No school and the Barlow boys

ONE morning in February a Boston radio station took 35 minutes to read off the no-school announcements, and it hadn't started to snow yet. This shows the mass credence accorded the ``whether'' forecasters, who otherwise have a record of 135 percent error. There came a lull in the recitation, somewhere between Marblehead and Methuen, during which a travel agency sold vacations in Bermuda, and I said to my perennial breakfast companion, ``Remember how the Barlow boys told us if we'd have school?''

School, in the days of the Barlow boys, was never called off because of snow all by itself. There had to be a reason - maybe the teacher couldn't get her door open, or perhaps the janitor couldn't nurse the furnace along. If any such reason developed, then a no-school signal would be rung on the town fire bell, and we'd all stay home and drive our mothers up the wall. The fire bell, for no-school, would ring at 6 o'clock - any other time meant a fire.

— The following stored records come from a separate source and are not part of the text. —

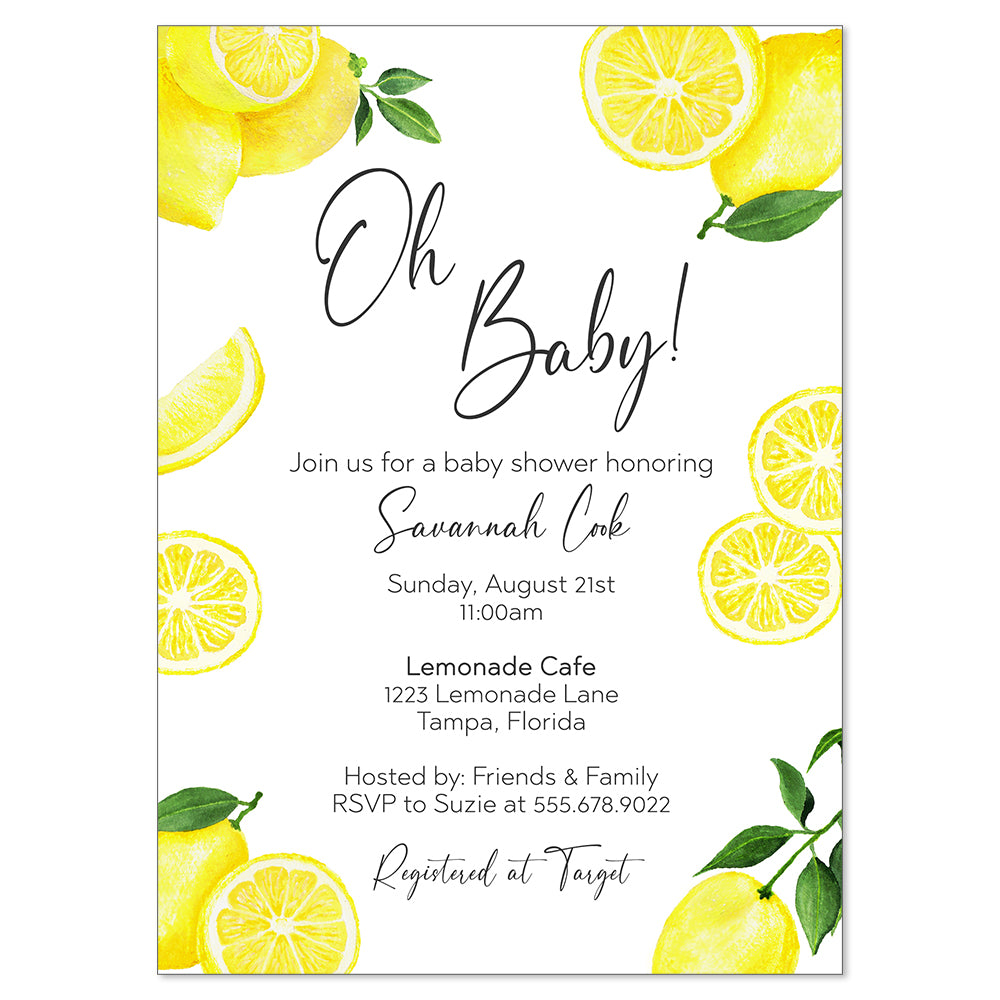 Lemon Baby Shower Invitation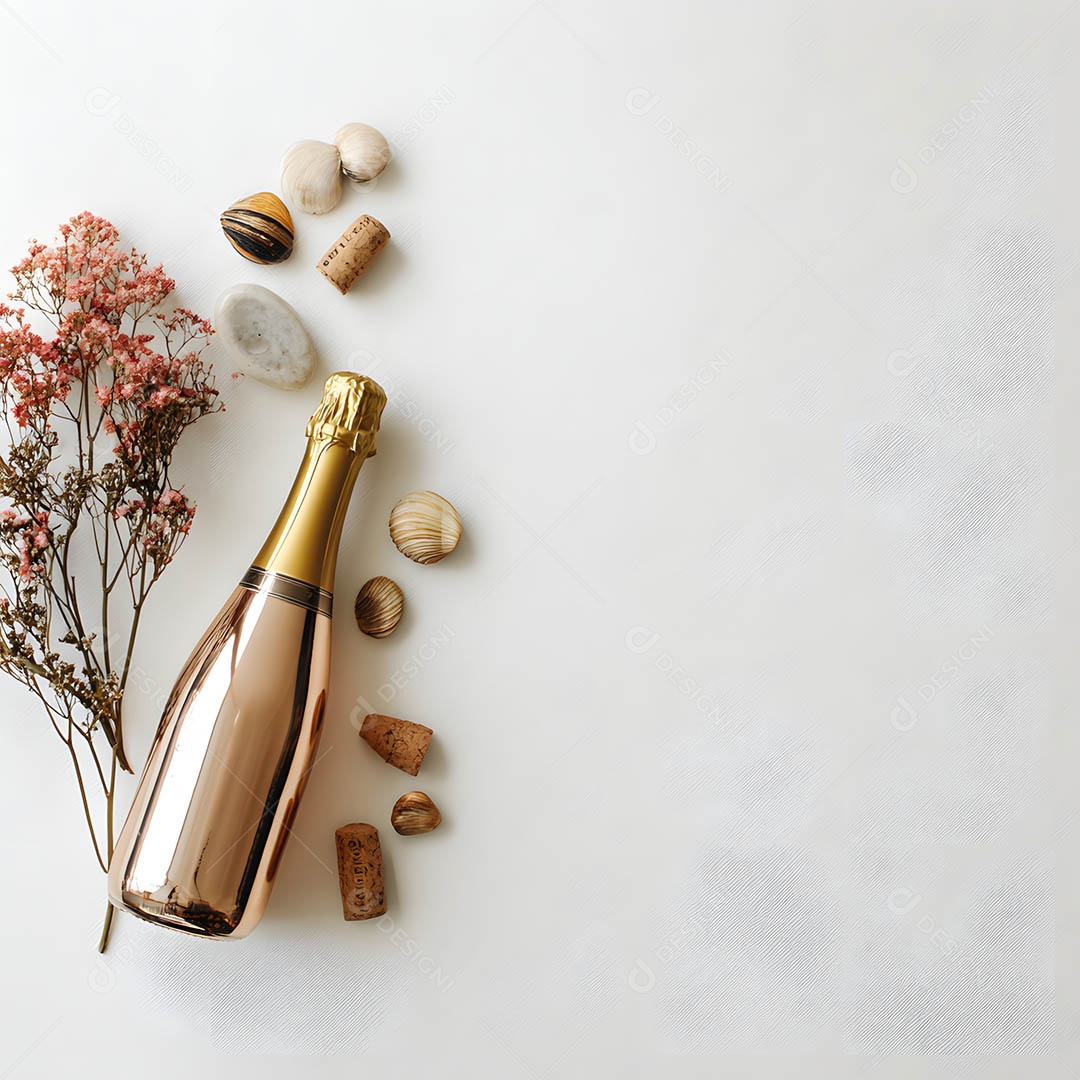Garrafa de champanhe e itens de papelaria em uma mesa branca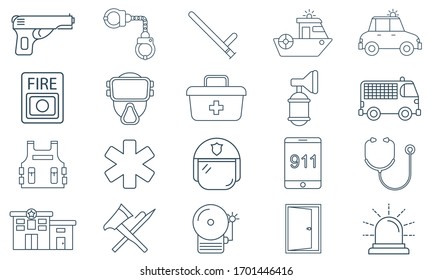 Icono vectorial de servicios de emergencia. Se puede usar para aplicaciones web y móviles.
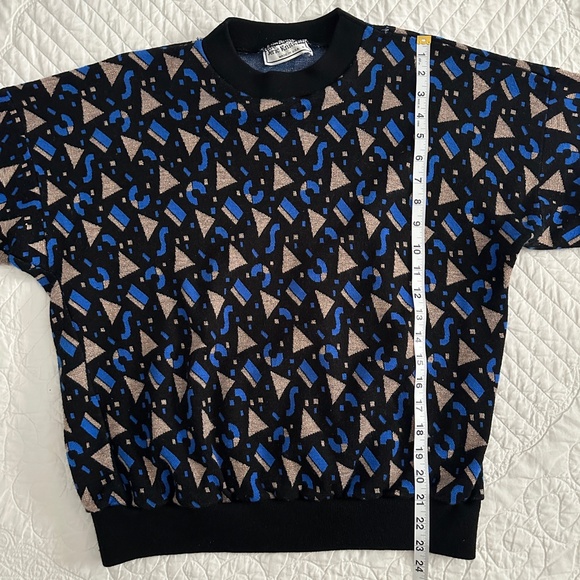 Vintage 80s 90s Jeric Knitwear Sweater Geometric Graphic Print Shimmer - Picture 7 of 9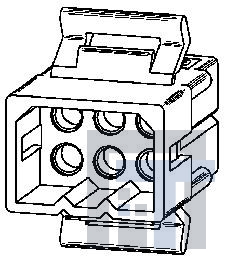 03-09-7062 Разъемы "штырь/гнездо" 093 Pwr Conn Plug Ears Blk 6Ckt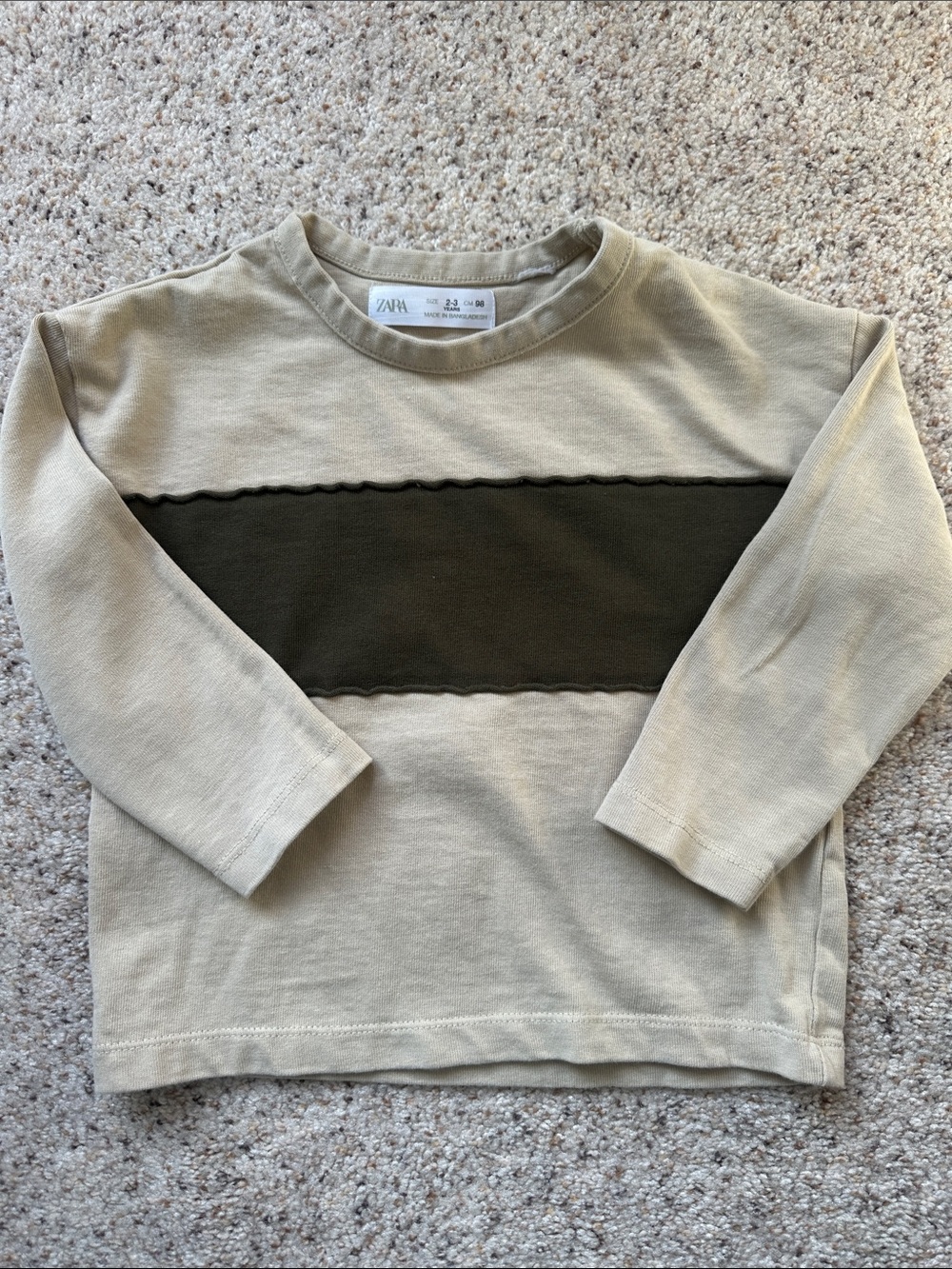 Zara Kids Beige Top with Olive Green Chest Stripe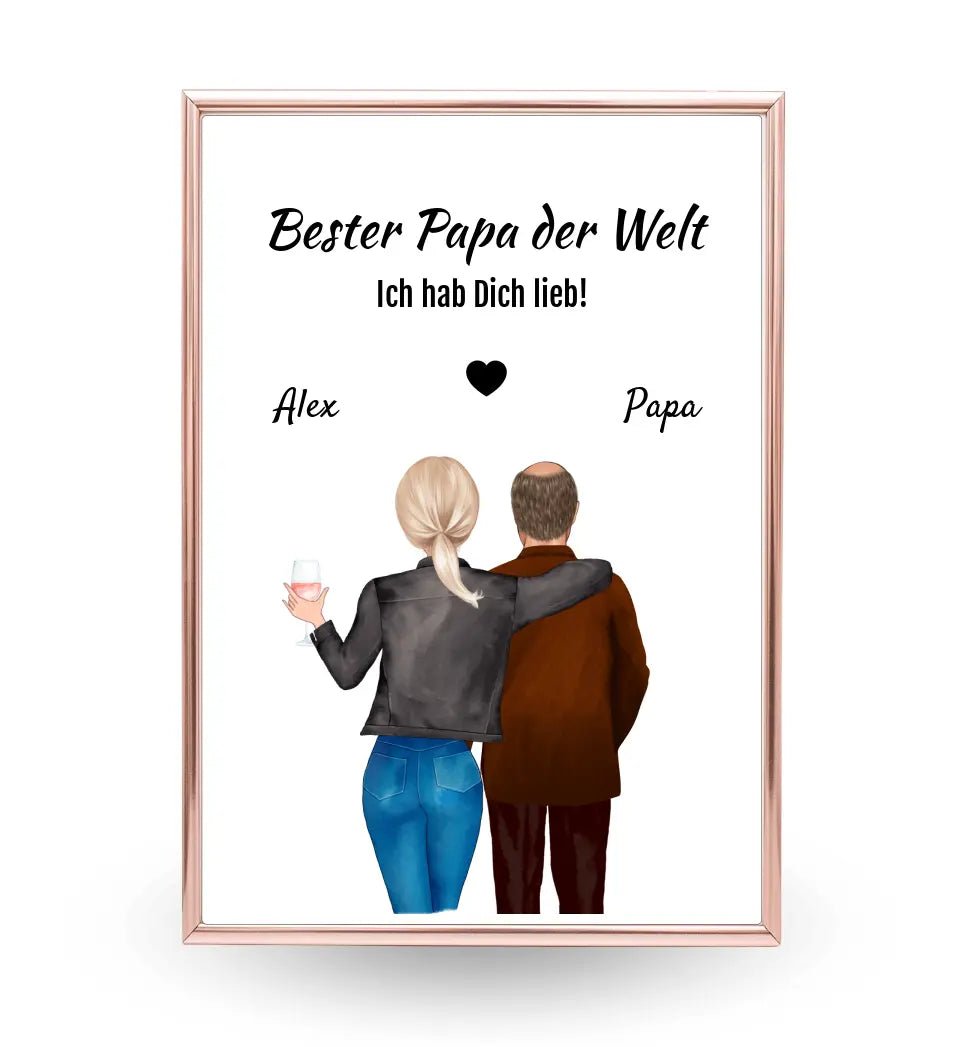 Papa Tochter Poster Geschenk personalisiert - Cantty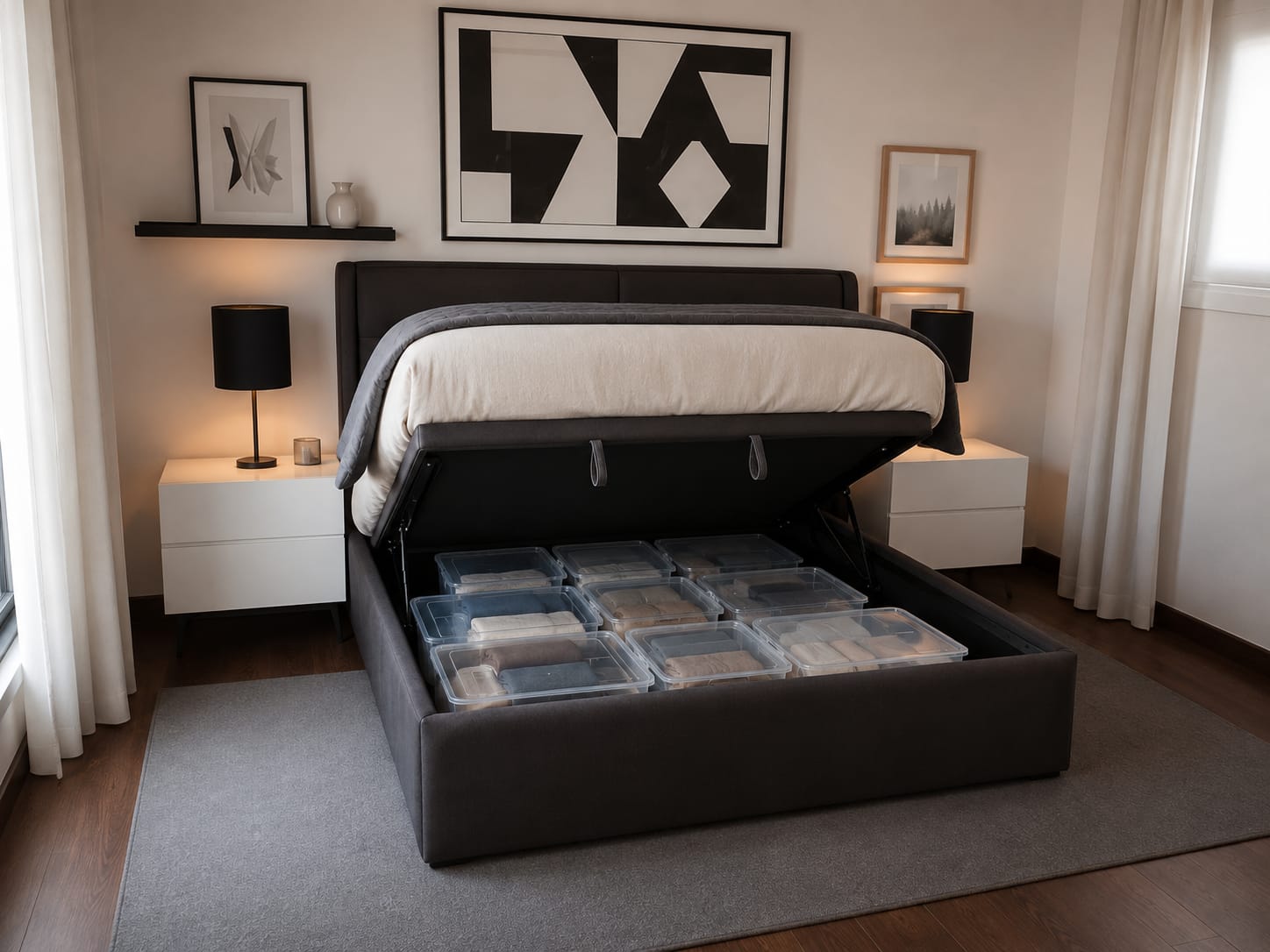 Modern Upholstered Master Bed |  Hydraulic Storage | MAS SofaBed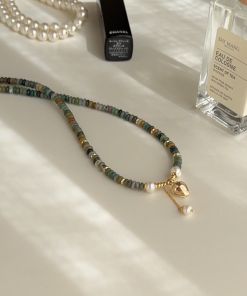 Colorful Retro Chinese Style Natural Stone Necklace for Women - 2025 Ethnic Bead Stacking Clavicle Chain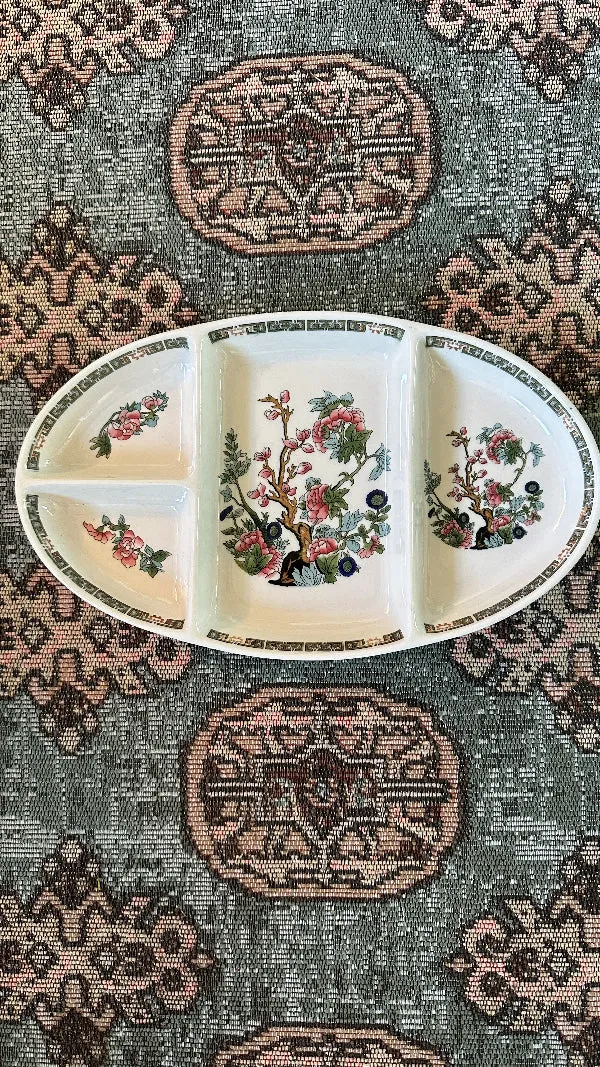 Vintage Divided Dish, Indian Tree Pattern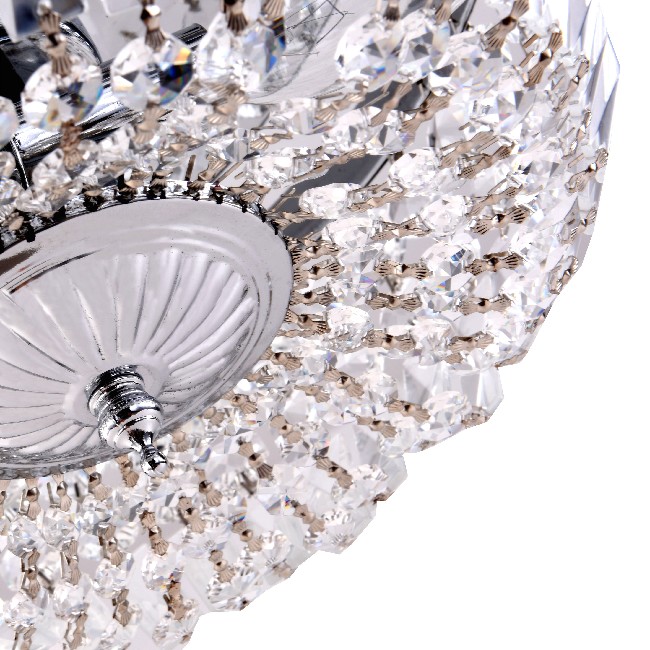 Jessica 3-Light Crystal Basket Chrome Flush Mount BX-3389-BJD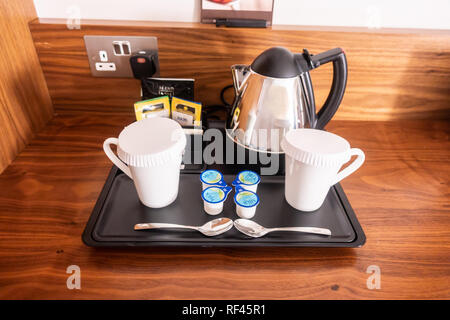 Tea making facilities in a hotel room. Stock Photo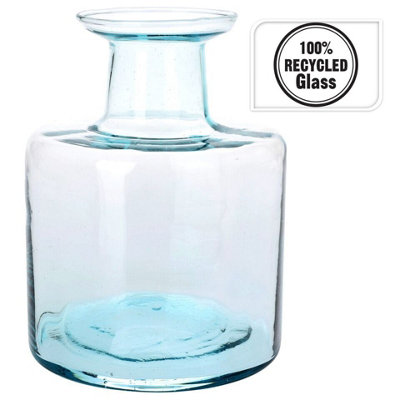 URBNLIVING 22cm Height Bottle Glass Wide Mouth Rounded Design Flowers Arrangements Vase - 6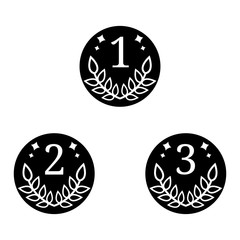 Quality Signs. Vector Coin Icon isolated on white background. First, Second, Third Places. Black Silhouette of Winner Symbol. Vector illustration for Your Design.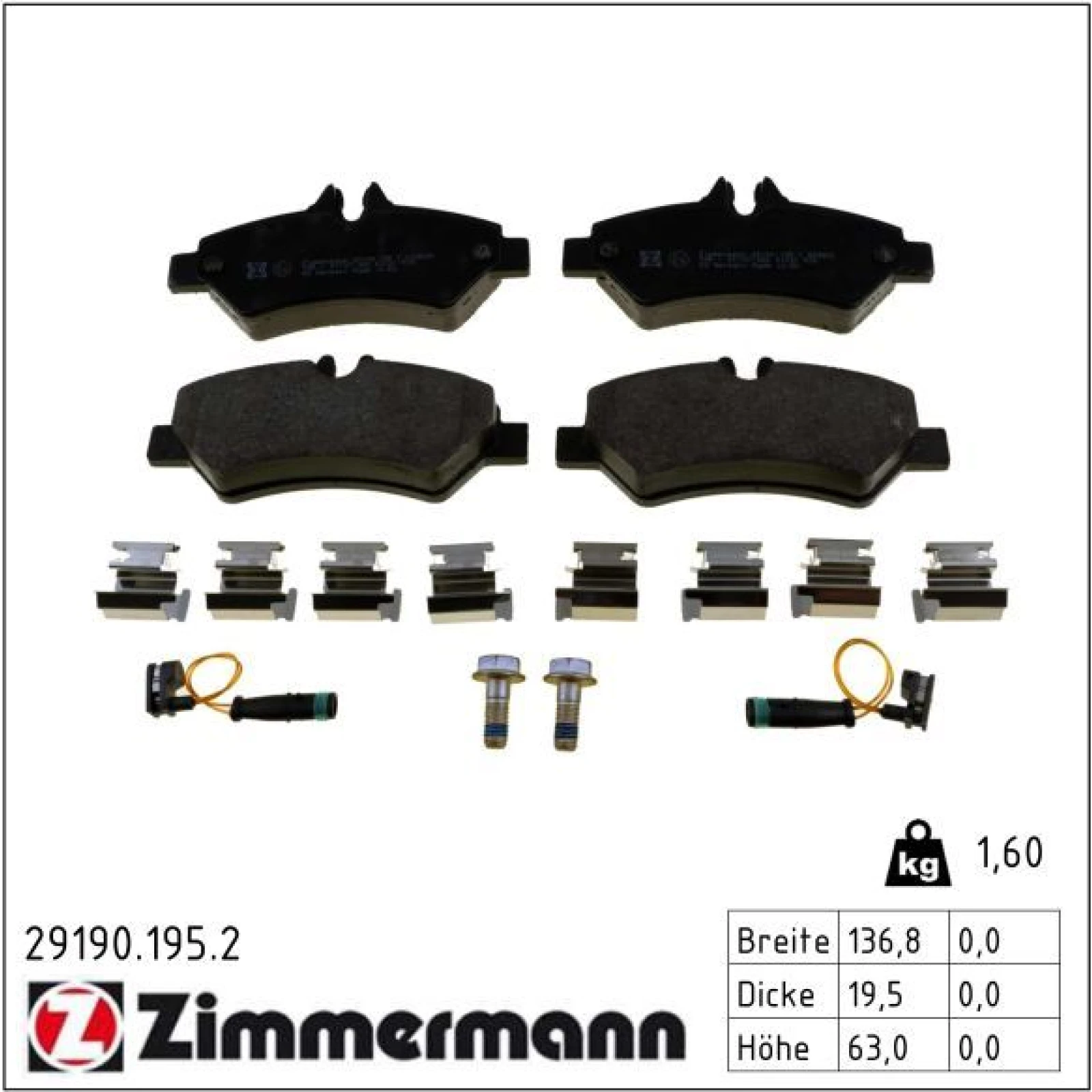 ZIMMERMANN Bremsbeläge 29190.195.2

Most towns, then, had a hose house, as did ours. The engine(s) stood there ready, and on the back was a tower for drying hose. Wet hose returning from a blaze would be hoist into the tower to drain and dry, and after a couple of days would be folded back into the pumper for next time. Atop the tower was the bell - one of the four bells in our town at that time. The Baptist and Congregational (our only) churches had bells, and there was one on the ``old'' high school building. The high school bell had been cracked for 50 years, the clapper was long gone, and the building was now a shoe shop. And the fire bell was first of all the fire bell - if anything caught fire somebody would come running, charge through the hose house, and yank the bell rope until the laddies arrived to crank the fire engine into a response. Those are sometimes called ``the good old days.'' But if the weather were propitious (meaning mean enough to favor us youngsters), that bell became the no-school harbinger, and we had to open the shed door at 6 o'clock and listen.

But at our end of town the prevailing wind in a good northeast snowstorm would cut off the bell before it reached us, so we often couldn't have heard it any way. That's where the Barlow boys came in. They were twins, strapping lads, and lived four houses beyond us from the bell. Upon any morning that might bring no-school, we could look out about 6:05 o'clock and see the Barlow boys wading hip-deep in snow on their way to the hose house to inquire if anybody had rung the bell. The fact that the hose house was a quarter of a mile beyond the schoolhouse never suggested that this errand was ridiculous - nobody ever thought, ``Well, if you can get to the hose house, you might's-well go to school!''

Then, soon after half-past 6, we'd see the Barlow boys wading back, and they'd give us a signal if - O frabjous day! - we were going to stay home and drive Mother up the wall. But if school was going to ``keep,'' we'd bundle up and with our books in bags and our lunches in lard pails we'd start for school with Mother calling after us, ``Now, don't dally or you'll be late!'' And the Barlow boys would catch up with us, and other youngsters would fall in, and we'd arrive at school in Indian file.

Teacher would ask us how we made out, and if we were late she'd want to know what detained us, and we would hang our snow-drenched coats and hats and mittens in the cloakroom so they could dry while we enriched our minds with converse with the wise of all ages. As we applied ourselves, we could smell our clothes drying - a ripe, rich, wet, woolen reek that shortly prompted Teach' to speak to one of the bigger boys, ``Willard, would you please open the back window just a trifle?''

At that time there was no more than a faint suggestion that radio would ever amount to anything. Wireless telegraphy was in use, and we did have an ``amateur'' operator in town. Broadcasting stations were up ahead. The amateur operator could send and receive, but only in code, and there weren't too many others like him out there to play with. Besides, the spark coils on any passing Model T jammed his rig, and he could pick up every motor in the shoe shop. In winter, the Model T's got ``put up,'' but the shoe shop had three shifts. So we had the fire bell, and it only, to alert us about no-school, and the Barlow boys.

There was one winter we had so many severe snowstorms that the fire bell went into action twice. The Barlow boys gave us the signal as they returned from the hose house, and along about 9 or 10 o'clock we had Mother in a dither and she readily let us know just what she thought of no-school. Teachers didn't like no-school, either, because on no-school days they didn't get paid.